Pero no era el caso.

Apenas pasaba tiempo en redes sociales, y el poco que tenía se lo dedicaba a la Playstation. En cierto modo, yo era una de sus escasas concesiones a la sociabilidad más allá de un trabajo al que dedicaba al menos 60 horas, seis días a la semana.

De aquellas conversaciones estériles, de aquel proselitismo baldío, me queda un poso de escepticismo respecto al modo en que los europeos occidentales vemos y juzgamos lo que ocurre en Europa Oriental.

Él, como tantos otros de sus compatriotas, eran la cara hostil de un país que mira con recelo a todo lo que llega desde el exterior. Más aún cuando esa desconfianza nace de una historia traumática. Alemanes por el oeste, rusos por el este y austriacos por el sur, trataron a sus antepasados como pueblo conquistado. La Polonia que hoy conocemos, fue reconfigurada en 1945 desplazando literalmente al país de su eje; perdiendo territorios por el este en beneficio de la antigua URSS a costa de ganar otros de la vencida Alemania por el oeste.

El caso polaco es perfectamente homologable al de los otros tres países del llamado grupo de Visegrado, el mayor quebradero de cabeza de las instituciones europeas. El paradigma común es el de fronteras en constante disputa y movimiento, que conduce a una existencia precaria como estados independientes.

Los abuelos de Leszek pudieron haber tenido hasta cuatro nacionalidades distintas a lo largo de su vida debido a los cambios fronterizos. De modo que, para él y la generación de sus padres, una Polonia con límites estables y valores reconocibles tiene un significado inmaterial difícil de entender desde la perspectiva occidental, donde los estados tienen fronteras sustancialmente inalteradas desde hace siglos.

Nada más lejos de mi intención que sacralizar la devoción por las aduanas y justificar una narrativa nativista.

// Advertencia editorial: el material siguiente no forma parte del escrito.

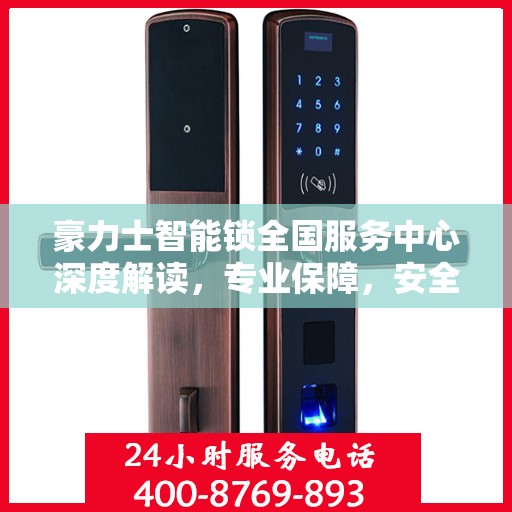 豪力士智能锁全国服务中心深度解读，专业保障，安全无忧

Pero las mismas razones que me llevaban a querer convencer a Leszek de sus erróneos puntos de vista, son las que me hicieron asumir que, más que juzgar a quienes sucumben a la retórica del nacionalismo populista o de la ultraderecha, es necesario entender las razones que les conducen a ella. Y nunca hacerlo desde una autoridad moral con la que las instituciones europeas, justo es reconocerlo, han mostrado una constante falta de empatía.

Esta lección no sólo es válida en la relación entre países. Sino dentro de sociedades cada vez más desiguales, en las que la brechas se multiplican: entre ricos y pobres; entre campo y ciudad; entre jóvenes y la tercera edad.

Ahora que se cumplen tres décadas de la caída del muro de Berlín, sería bueno recordar que, como sostiene Enzo Traverso, la particularidad de las revoluciones que vinieron del Este, en lugar de proyectarse hacia el futuro con un horizonte de esperanza, crearon sociedades obsesionadas con el pasado.

La historia cuenta. La historia traumática, aún más.